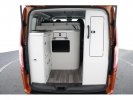Ford Transit Nugget Westfalia 2.0 170Cv | 4 personas | Techo elevable para dormir | Opciones completas |Foto del ESTADO DEL CONCESIONARIO: 2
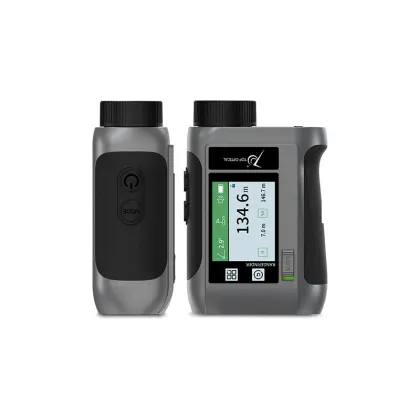 Handheld Infrared Laser Measure Rangefinder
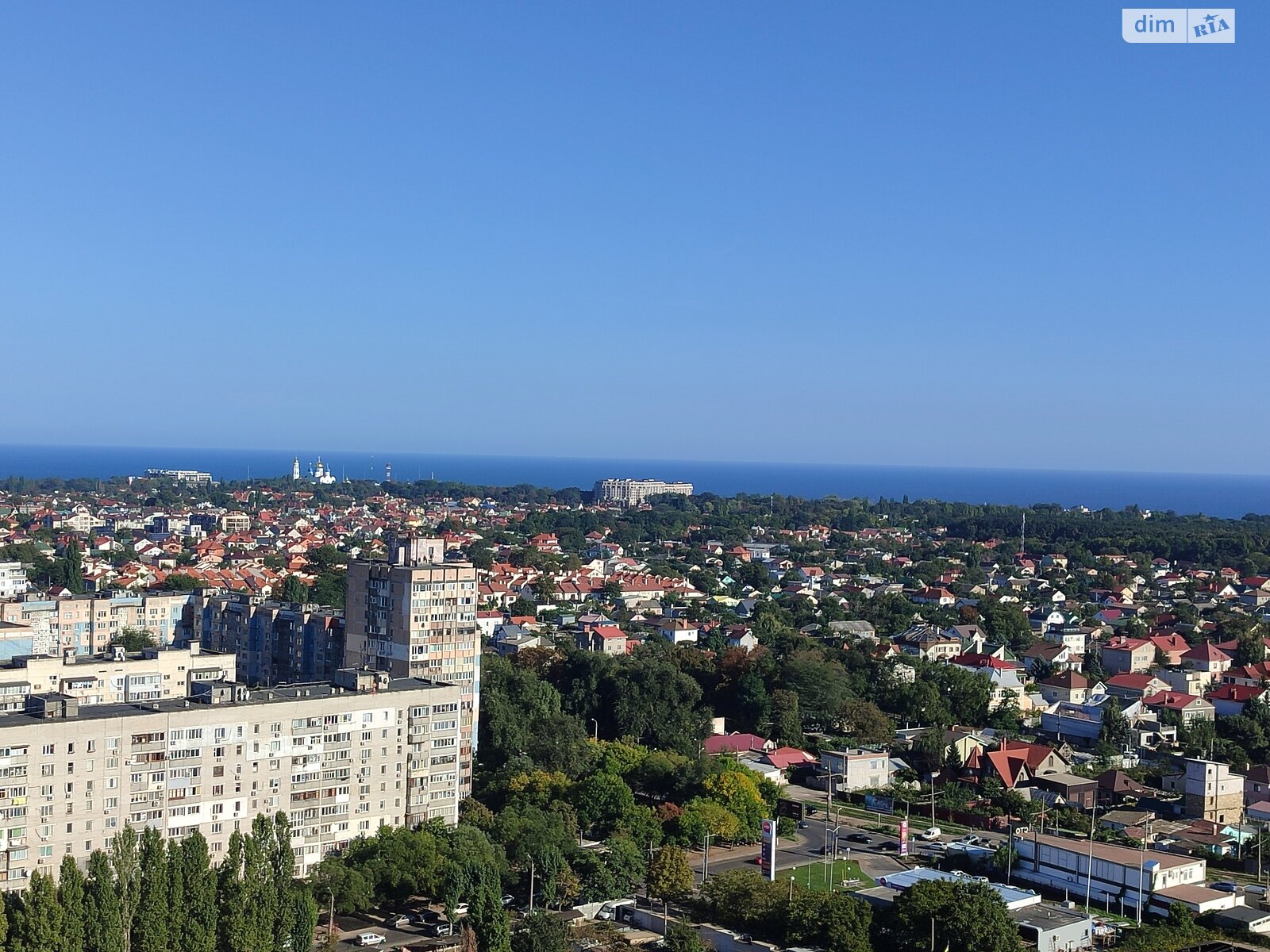 Продаж двокімнатної квартири в Лиманці, на вулиця Євгена Чикаленка 93/1, фото 1 Продаж двокімнатної квартири в Лиманці, на вулиця Євгена Чикаленка 93/1, фото 1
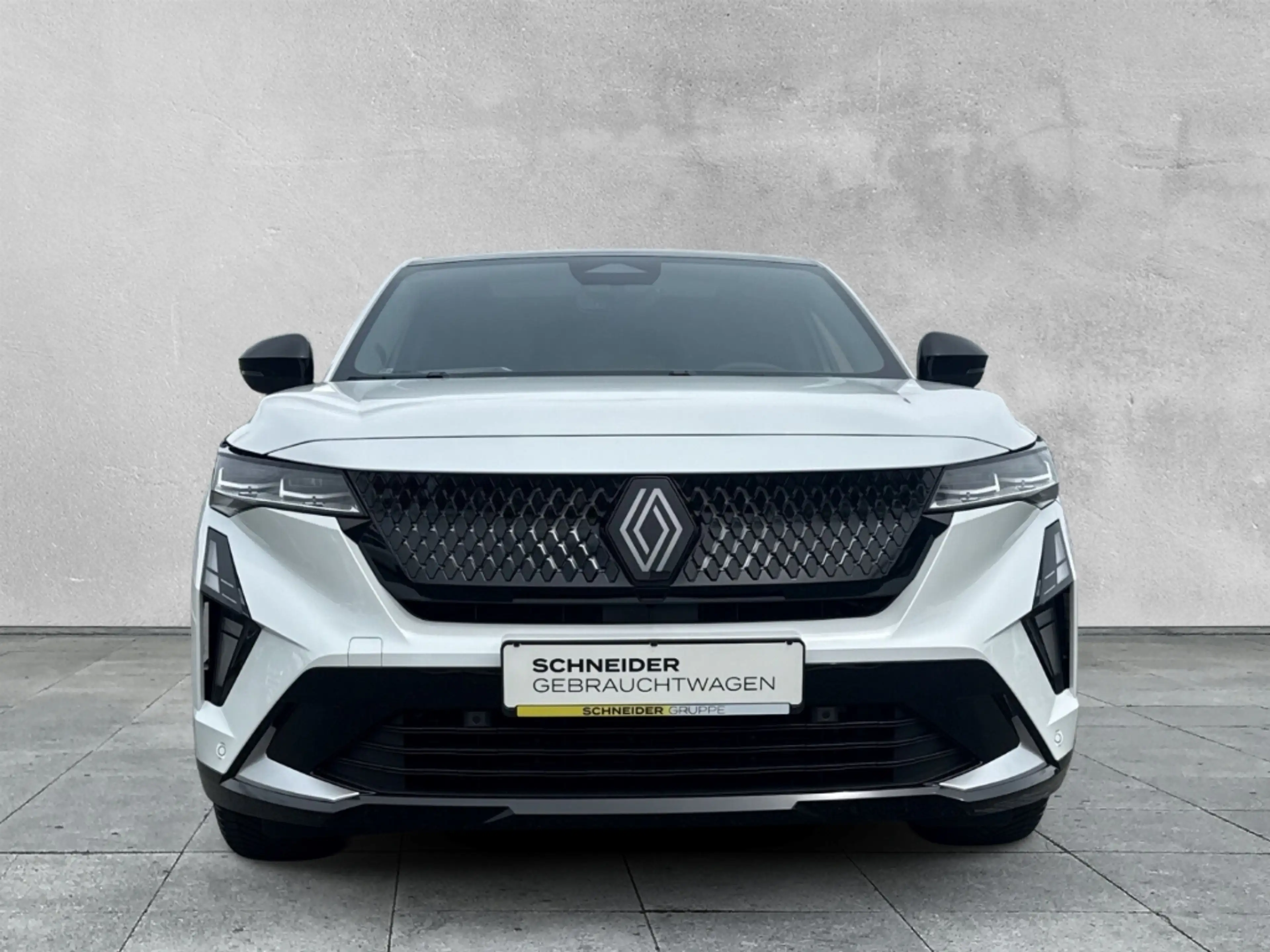 Renault Rafale E-TECH FULL HYBRID 200 TECHNO Techno PANO+KAMERA — photo 8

How to complete this task —
In your copy, include no pictures and only the lines from the line with "Handheld Infrared Laser Measure Rangefinder" through the final line of the listing above, reproduced exactly.

Solved exercise —
 Handheld Infrared Laser Measure Rangefinder
 Продаж двокімнатної квартири в Лиманці, на вулиця Євгена Чикаленка 93/1, фото 1 Продаж двокімнатної квартири в Лиманці, на вулиця Євгена Чикаленка 93/1, фото 1
 Renault Rafale E-TECH FULL HYBRID 200 TECHNO Techno PANO+KAMERA — photo 8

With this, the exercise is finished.